Each of the panelists presented work on discourses produced online. Each were empirically driven, some more so than others, but each addressed the notion of visibility in some way. For instance, in Katy Pearce’s work on the homeless using Twitter she found through social organizations, activists, and simply those who care, they were able to make their issues and concerns visible. Similarly, Randy Lynn and Jeff Johnson’s work examined how the use of karma on Reddit reinforced patriarchal and even misogynist discourse. By users voting up or down comments, the measure of karma literally works in such a way that the comments with the most karma are most visible, appearing at the top. These examples, along with the others brought me back to my own work.

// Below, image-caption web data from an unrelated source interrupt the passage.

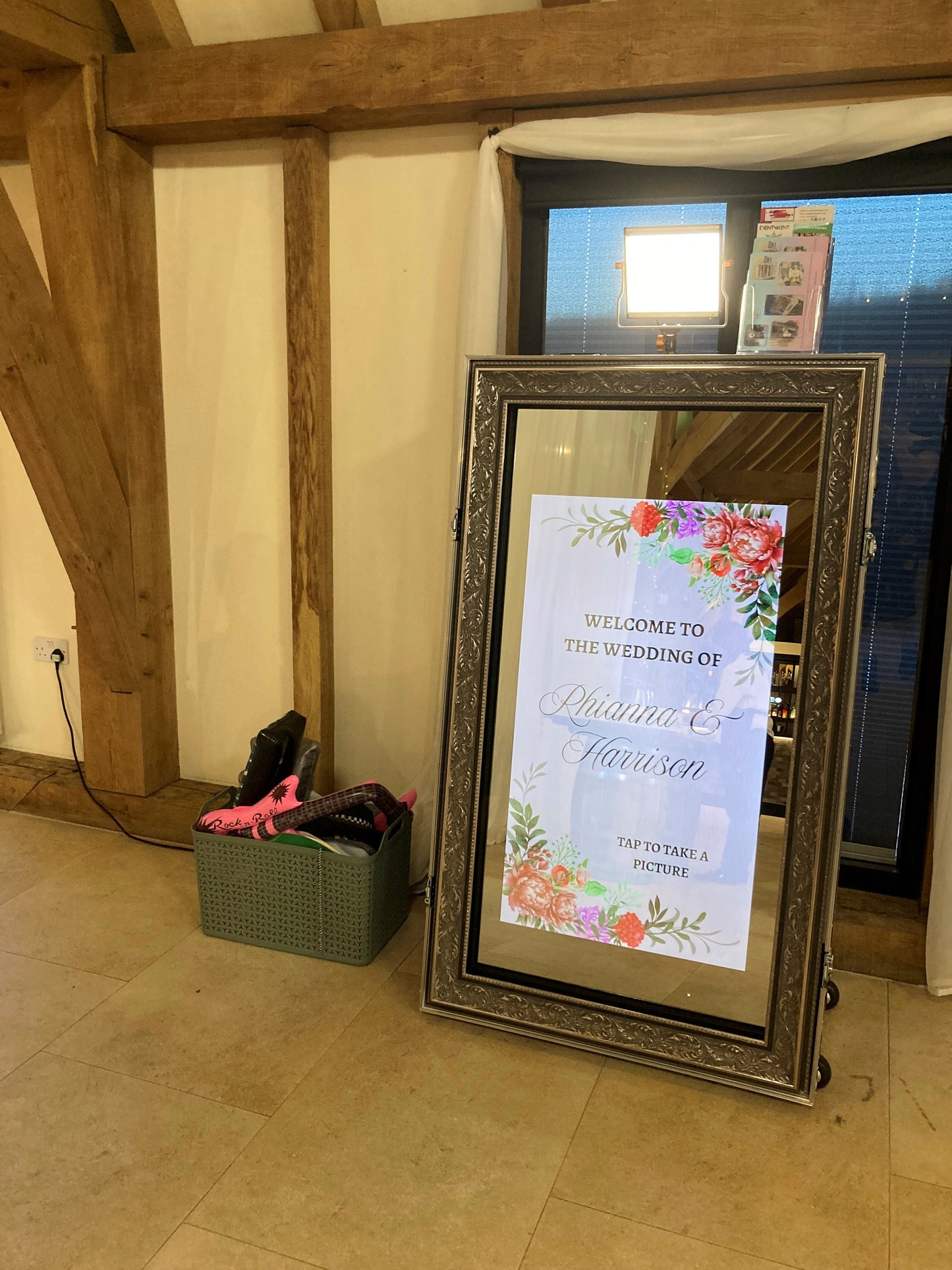 Product Viewing and Customisation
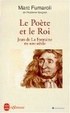 Cover of Le poète et le roi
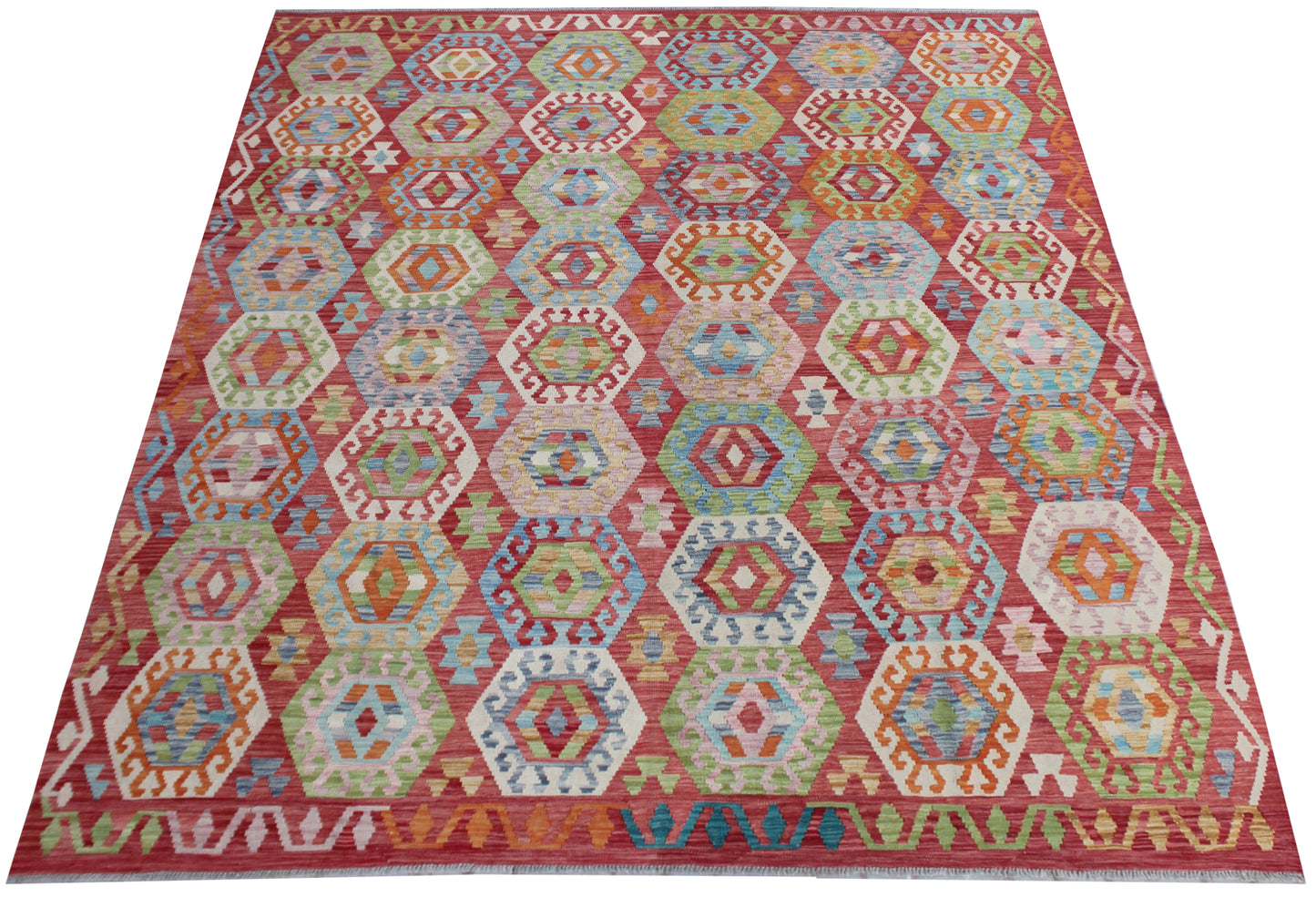 Super Wash Kilim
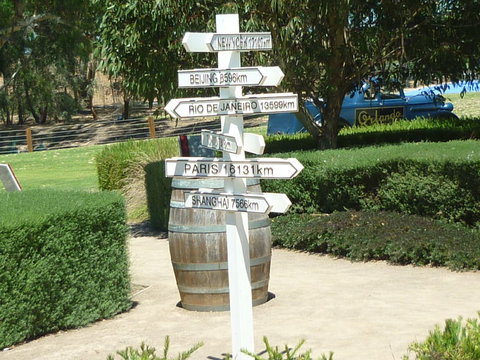 Adelaide Super Saver: Adelaide City Sightseeing Tour Plus Barossa Valley And Hahndorf Tour - Tourism Canberra 4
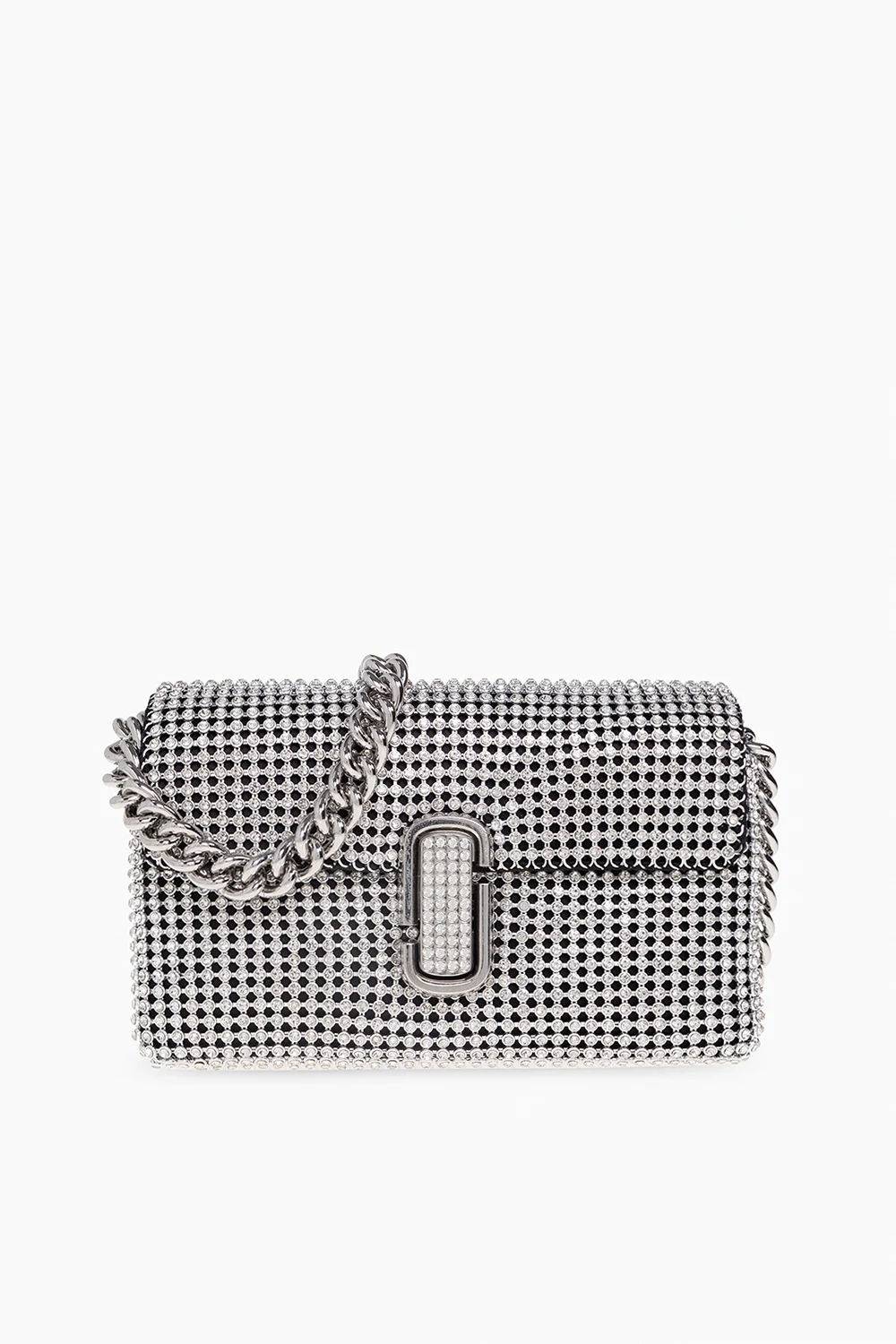 ‘The Rhinestone J Marc Mini’ shoulder bag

To become visible or to make a discourse visible seems inherent to any project of resistance or combating hegemonic discourse. In fact, the notion of hegemonic discourse inherently needs to render other discourses subjugated, subordinated, or even invisible altogether. With the emergence of Web 2.0, it strikes me that never before have the means of discourse production been so accessible, and this development is far from trivial. Here, I do not wish to make the mistake of romanticizing the ability of many to contribute to content or to make that content visible, but it is certainly unique in that it provides unprecedented possibilities.
As of now, not everyone has a fair seat at the table. Issues of access and digital literacy amongst other inequalities make any utopian ideal or true space of a public sphere far from a reality. To further problematize, it is without question the maintenance of a digital dualism (the online and offline are separate spaces) is untenable, but it remains unclear as to what sort of visibility or what strategies of visibility are successful in combating dominant and hegemonic discourse when we taken into account the implosion of online and offline reality. As access to the web becomes more common (i.e. conquering the digital divide in the U.S. and abroad), it seems to be sociologically imperative that we consistently examine the impacts and contexts of our ability to construct, contest, and engage discourse bearing in mind the notion of augmented reality: the merger and contest of discourse both online and offline.
William Yagatich (@praxis_in_space) is a sociology graduate student at the University of Maryland. His current work focuses on the reorganization of power/knowledge relations with regard to the rise of social media.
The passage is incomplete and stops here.